As a native of Mabel, Morgan Roppe and her family would often take the 70-mile drive to Wabasha to visit the National Eagle Center. While on one of those trips, Roppe met a man named Cameron Feaster. She and Feaster struck up a conversation and he told her about the work he does at the International Wolf Center in Ely.
Feaster also told her about various internships that are offered at the International Wolf Center. Intrigued, Roppe began to closely watch for job openings. Soon, the perfect opportunity came along and, over the summer, Roppe got the great news she’d been hoping for. She was hired as a wolf educator intern and will work to educate the public about wolves for the next nine months in Ely. Roppe is one of two wolf educator interns who were just hired at the International Wolf Center. She’ll be stationed in Ely, where her job will be to lead programs and answer questions from visitors to the Center, which includes a pack of five live wolves.
“Her primary focus is interacting with the public in a couple different ways,” said Interpretive Center Manager Krista Harrington said. “Just as the visitors come in and interpreting the wolf behavior and answering questions. Which one is that? What kind of wolf is that? How much do they weigh? Her other primary focus is educating during programs. She’ll lead the daily programs that are offered several times a day in the auditorium.”
A 2013 graduate of Mabel-Canton High School, Roppe earned a double major at the University of Wyoming and graduated in May. She earned degrees in wildlife and fisheries biology management, as well as environmental and natural resources.
Roppe got interested in animals and biology while working on the family farm. She loved being outside and eventually started to think about ways she could make a career of it.
“I started really getting interested in biology at the end of high school,” she said.
Then, while in college, she worked with classmates on a chipmunk project where they were captured, fitted with a radio collar and then tracked. She also worked at a game check station to ensure hunters had proper licenses. In another opportunity, she and other researchers darted an elk and took vital signs from it.

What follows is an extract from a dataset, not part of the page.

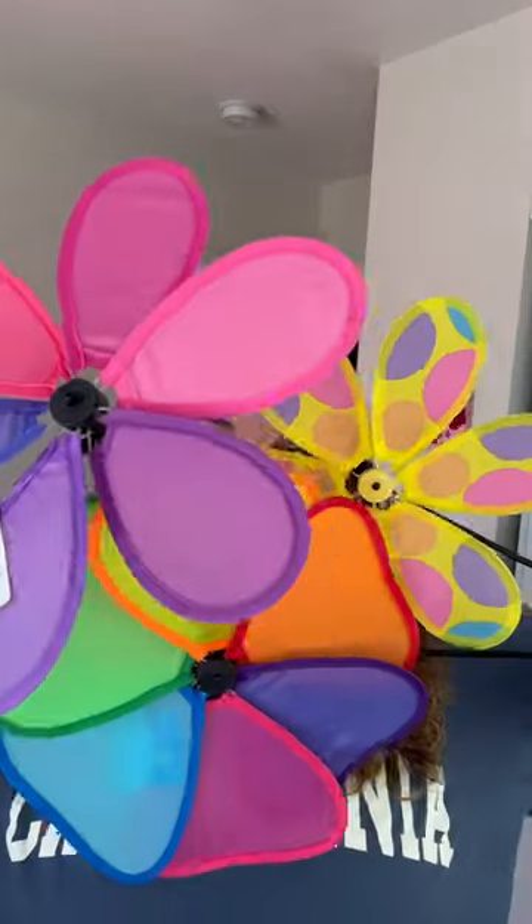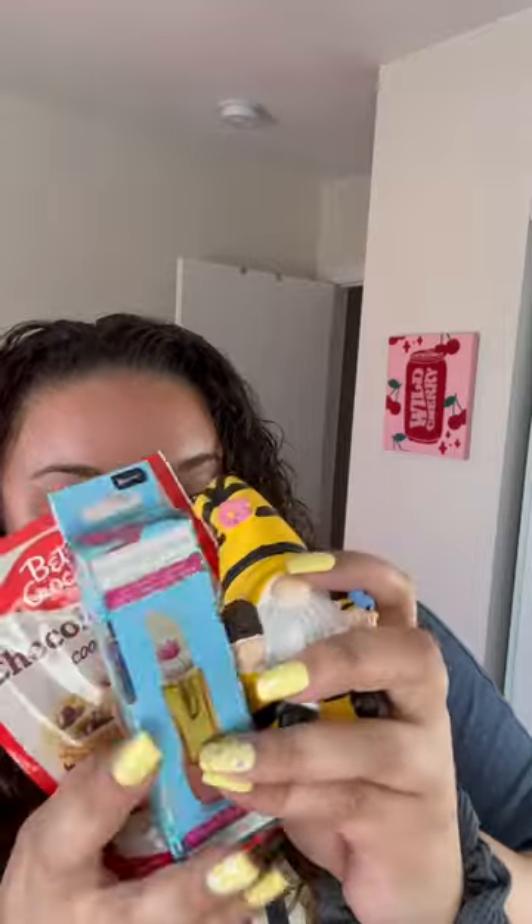I got cake mix so I can redo my Easter bunny cake failure and maybe do better this time. A cute journal and a toad, three pinwheels, cookie mix — we're gonna do this on live — and tinted lip balm.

“Morgan has diverse experience when it comes to field projects with animals,” Harrington said. “She’s also worked a lot with educating the public.”
Once the internship is over, Roppe is hoping a role opens up for her to stay with the Center for the long-term.
“If I could stay here at the International Wolf Center, I would love that,” she said. “Otherwise, I’m hoping to either find a position with the DNR or some other place where I can do conservation work.”
In addition to leading those discussions in the interpretive center, several wolf biology camps and events will be led by Roppe. She will also have a key role in leading the group tours at the center. Some are day trips and others are overnight trips. The overnight trips have been especially popular with groups as they’re able to sleep overnight in the center’s auditorium and watch the wolves on the other side of the glass throughout the night.
Roppe is the daughter of Dag and Sue Roppe, who live just outside of Mabel.
The interpretive center attracts more than 40,000 visitors a year. The center is a Minnesota-based non-profit that seeks to advance the survival of wolves by teaching about wolves, their relationship to wildlands and the human role in their future.